Definition of Rhythm

What is rhythm in poetry? Think of a song you like. What is it about that song that makes you tap your feet or want to dance? It is the rhythm of the song. In a similar way, all poems that are not written in free verse have rhythm, or a beat, as well. We also call that beat meter. Each specific syllable in a line of poetry is called a foot. This is also referred to as a unit of meter.

Types of Meter

There are five main types of beats, or meter, that we use in poetry. Here, we will take a brief look at each type. In poetry, rhythm is expressed through stressed and unstressed syllables. Take the word, poetry, for example. The first syllable is stressed, and the last two are unstressed, as in PO-e-try. Here are the most common types of meter in the English language:

  1. Iamb: The Iamb is a pattern of one unstressed syllable followed by one stressed syllable, as in the word: en-JOY.
  2. Trochee: The trochee is one stressed syllable followed by one unstressed syllable, as in the word: CON-quer.
  3. Spondee: Spondee is a pattern of two stressed syllables in poetry. The pattern may cross over from word to word in a poem. An example of spondee might be: GO! GO! Both 1-syllable words are stressed.
  4. Anapest: The anapest is a combination of two unstressed syllables followed by one stressed syllable. Take this phrase: to the NORTH. The first two syllables are unstressed, while the final syllable is stressed.
  5. Dactyl: The dactyl is the opposite of the anapest, in that it has one stressed syllable followed by two unstressed syllables as in the phrase: FLY a-way.
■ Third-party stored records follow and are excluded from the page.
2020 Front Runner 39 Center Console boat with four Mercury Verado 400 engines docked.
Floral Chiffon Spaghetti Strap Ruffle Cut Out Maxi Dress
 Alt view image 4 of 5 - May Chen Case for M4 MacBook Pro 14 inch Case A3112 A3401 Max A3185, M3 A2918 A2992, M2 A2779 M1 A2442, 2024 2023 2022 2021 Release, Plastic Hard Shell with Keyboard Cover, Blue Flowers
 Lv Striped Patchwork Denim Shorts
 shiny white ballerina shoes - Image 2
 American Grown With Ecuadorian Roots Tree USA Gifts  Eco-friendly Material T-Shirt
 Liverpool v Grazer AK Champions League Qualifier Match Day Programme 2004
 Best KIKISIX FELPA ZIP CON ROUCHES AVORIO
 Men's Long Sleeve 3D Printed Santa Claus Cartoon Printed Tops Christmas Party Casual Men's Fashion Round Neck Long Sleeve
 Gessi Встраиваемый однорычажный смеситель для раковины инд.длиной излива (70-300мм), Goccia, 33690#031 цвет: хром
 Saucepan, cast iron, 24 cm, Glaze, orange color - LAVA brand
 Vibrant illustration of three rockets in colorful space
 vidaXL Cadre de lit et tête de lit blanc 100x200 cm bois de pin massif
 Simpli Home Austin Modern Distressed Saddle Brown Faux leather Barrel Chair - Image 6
These metrical units, or feet, make up the beat or rhythm of poetry. Now let's take a look at how rhythm is used in actual poems.

Rhythm in Poetry

We will take a look at two poems, and analyze them for meter in order to discover their rhythm. The first poem is by Emily Dickinson, entitled 'Will There Really Be a Morning?'

'Will there really be a morning?
Is there such a thing as day?
Could I see it from the mountains
If I were as tall as they?
Has it feet like water-lilies?
Has it feathers like a bird?
Is it brought from famous countries
Of which I have never heard?
Oh, some scholar! Oh, some sailor!
Oh, some wise man from the skies!
Please to tell a little pilgrim
Where the place called morning lies!